Yah, that one took me a little while to figure out :x.

4. unused variable/function elimination

   it seems that clang is more aggressive than gcc and eliminates more
actually required data/code than desired. earliest causalty is the boot code
as usual but there're also some module parameter related structures affected.
the fix is needed on the linux side of course.

I'm working on a static analysis to show us where this is.

5. asm 'p' constraint

   this was fixed last week in subversion, so i'm omitting the patch for it,
but if someone really wants to use an earlier clang (such as the 2.8
release), then just duplicate the percpu_read macro into percpu_read_stable.

I have this fixed locally, not sure if I pulled this change in (I'm thinking I
didn't).

6. .gnu.linkonce.d.* section usage

   it seems that clang can emit code/data into sections that the linux linker
   scripts were not aware of.

I've been stumped by this one. I'm surprised no one's run into it before.

7. extern and __attribute__((visibility("hidden"))) usage in the vdso

   it seems that this construct doesn't work with clang so i worked it around
for now by abusing the weak attribute and the linker's ability to merge such
symbols.

I also took this course of action, though I'm hoping to try and make this work in
clang properly.

8. const merging in the vdso

   possibly related to the above, the linker(?) merges const variables when
their value is the same which, while technically correct, defeats some
self-checking code in the vdso so i had to deconstify the affected variables.

Thanks! This was very helpful.

9. lack of __label__ support

   linux needs this for implementing an arch-independent way to acquire the
current program counter or something close to it at least, for now the
workaround is an arch specific inline asm block.

Alp Toker has a patch for this (patch to clang).

10. clang crash on __verify_pcpu_ptr use

    when compiling i think init/main.c, clang crashes on the above macro. i
tried to extract a minimal example but that failed to produce any errors, so
probably there is more context needed to trigger the segfault. interestingly,
the workaround for getting this compiled was to turn the body of the macro
into a statement expression but otherwise it's the same code inside.

Huh. I've never run into this. Would you be willing to pass along the build
environment (configuration, platform, compiler version, etc)?

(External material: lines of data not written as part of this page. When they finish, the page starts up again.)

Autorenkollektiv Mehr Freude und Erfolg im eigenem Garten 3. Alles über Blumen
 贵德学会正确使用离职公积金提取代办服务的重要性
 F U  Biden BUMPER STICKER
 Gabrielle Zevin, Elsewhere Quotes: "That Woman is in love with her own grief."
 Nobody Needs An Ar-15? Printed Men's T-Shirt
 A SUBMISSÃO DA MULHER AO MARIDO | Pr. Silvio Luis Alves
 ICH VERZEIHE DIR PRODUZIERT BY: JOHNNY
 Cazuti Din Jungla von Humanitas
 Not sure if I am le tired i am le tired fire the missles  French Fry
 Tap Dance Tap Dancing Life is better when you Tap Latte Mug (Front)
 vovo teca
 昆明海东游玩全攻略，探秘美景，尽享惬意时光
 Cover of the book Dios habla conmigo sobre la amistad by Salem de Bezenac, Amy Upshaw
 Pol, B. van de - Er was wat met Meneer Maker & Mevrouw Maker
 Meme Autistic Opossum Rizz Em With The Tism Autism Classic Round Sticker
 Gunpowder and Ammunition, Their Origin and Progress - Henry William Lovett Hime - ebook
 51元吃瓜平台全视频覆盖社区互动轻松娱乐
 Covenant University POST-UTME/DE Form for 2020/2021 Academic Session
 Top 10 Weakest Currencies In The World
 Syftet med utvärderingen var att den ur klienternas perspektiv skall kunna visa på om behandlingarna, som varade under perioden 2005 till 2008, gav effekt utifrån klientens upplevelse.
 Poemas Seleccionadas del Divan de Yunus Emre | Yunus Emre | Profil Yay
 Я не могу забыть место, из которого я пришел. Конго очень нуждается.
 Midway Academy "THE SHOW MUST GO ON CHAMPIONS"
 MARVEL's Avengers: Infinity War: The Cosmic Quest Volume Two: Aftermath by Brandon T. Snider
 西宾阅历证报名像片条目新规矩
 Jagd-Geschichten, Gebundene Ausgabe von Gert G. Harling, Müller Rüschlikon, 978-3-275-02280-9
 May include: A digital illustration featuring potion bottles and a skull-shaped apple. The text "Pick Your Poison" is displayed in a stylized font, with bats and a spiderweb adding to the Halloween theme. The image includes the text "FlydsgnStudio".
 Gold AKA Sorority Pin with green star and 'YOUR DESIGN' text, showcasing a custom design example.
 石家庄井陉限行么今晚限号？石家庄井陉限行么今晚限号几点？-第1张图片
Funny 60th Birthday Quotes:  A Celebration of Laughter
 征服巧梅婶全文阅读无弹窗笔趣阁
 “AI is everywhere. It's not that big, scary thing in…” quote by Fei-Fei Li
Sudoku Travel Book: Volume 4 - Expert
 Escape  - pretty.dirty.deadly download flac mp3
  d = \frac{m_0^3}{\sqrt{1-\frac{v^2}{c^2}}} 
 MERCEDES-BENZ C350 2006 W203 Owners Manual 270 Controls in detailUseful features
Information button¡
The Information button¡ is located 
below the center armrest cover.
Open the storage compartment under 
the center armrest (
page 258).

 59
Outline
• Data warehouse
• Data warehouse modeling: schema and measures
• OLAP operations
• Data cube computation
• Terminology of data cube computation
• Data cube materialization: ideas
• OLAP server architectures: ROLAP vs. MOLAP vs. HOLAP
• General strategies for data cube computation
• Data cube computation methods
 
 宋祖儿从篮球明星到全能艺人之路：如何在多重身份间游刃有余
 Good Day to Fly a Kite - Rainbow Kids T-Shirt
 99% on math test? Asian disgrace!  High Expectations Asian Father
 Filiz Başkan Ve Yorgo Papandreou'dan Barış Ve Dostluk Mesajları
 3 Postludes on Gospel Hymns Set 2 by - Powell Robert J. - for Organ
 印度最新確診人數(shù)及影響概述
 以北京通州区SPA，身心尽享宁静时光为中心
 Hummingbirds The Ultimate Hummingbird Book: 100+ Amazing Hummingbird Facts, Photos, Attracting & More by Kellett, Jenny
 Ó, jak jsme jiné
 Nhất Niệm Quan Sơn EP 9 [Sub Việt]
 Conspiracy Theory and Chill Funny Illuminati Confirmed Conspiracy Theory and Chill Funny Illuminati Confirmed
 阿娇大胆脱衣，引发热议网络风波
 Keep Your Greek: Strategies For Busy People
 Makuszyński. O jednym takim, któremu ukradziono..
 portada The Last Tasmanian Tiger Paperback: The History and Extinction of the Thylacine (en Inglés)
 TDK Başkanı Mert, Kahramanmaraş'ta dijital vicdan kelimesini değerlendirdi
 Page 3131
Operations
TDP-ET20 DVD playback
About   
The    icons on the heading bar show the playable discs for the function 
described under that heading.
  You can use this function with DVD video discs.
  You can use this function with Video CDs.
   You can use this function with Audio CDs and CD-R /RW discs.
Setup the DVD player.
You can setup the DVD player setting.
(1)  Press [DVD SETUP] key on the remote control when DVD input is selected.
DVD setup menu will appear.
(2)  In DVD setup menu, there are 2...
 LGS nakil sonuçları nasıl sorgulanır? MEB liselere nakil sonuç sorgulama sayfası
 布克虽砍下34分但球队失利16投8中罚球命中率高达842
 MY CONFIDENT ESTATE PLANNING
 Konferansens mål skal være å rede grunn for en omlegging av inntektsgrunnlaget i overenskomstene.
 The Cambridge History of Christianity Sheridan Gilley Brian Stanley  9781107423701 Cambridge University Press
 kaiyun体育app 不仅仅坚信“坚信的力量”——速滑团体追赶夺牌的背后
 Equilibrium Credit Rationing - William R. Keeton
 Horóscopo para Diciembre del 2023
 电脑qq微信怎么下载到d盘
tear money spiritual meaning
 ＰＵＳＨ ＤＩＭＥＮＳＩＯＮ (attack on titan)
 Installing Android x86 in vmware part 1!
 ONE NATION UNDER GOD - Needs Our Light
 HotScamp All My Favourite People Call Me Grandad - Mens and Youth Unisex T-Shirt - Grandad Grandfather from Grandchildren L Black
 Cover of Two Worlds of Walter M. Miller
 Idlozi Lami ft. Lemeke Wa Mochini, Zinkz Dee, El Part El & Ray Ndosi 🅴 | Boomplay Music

11. excessive inlining and stack usage

    while apparently gcc and clang make different inlining decisions, they're
both bad at reusing the stack for the local variables of the inlined
functions and sometimes produce high stack usage. linux already has an
explicit way to prevent such undesired inlining, i just had to annotate a few
more functions (but it's not meant to be exhaustive, it's based on my own
config only).

11. uninitialized variable handling

    this one was a fun one to debug (no :P). apparently the getdents code
computes a structure offset by computing a pointer difference - where the
pointer in question is uninitialized. gcc seemingly manages to produce the
desired offset whereas clang produces a 0 for the uninitialized pointers and
hence for their difference as well, resulting in getdents not returning any
entries in this particular case. very funny when you enter a directory but
cannot list its content, although initramfs scripts tend not to appreciate
it :). fortunately clang --analyze warns about such problems but then it
crashes on a few more constructs so it's not an entirely painless exercise to
go through the whole tree looking for such uninitialized variable usage (i
checked most things but drivers/ and the non-x86 arch subtrees).

Nice!

12. variable length arrays in crypto/netfilter/crc

    this is an already known issue (in that clang is not going to support this
    gcc extension), so the workaround/fix was to rewrite the linux code.

Yah, I did the same thing, pretty straightforward.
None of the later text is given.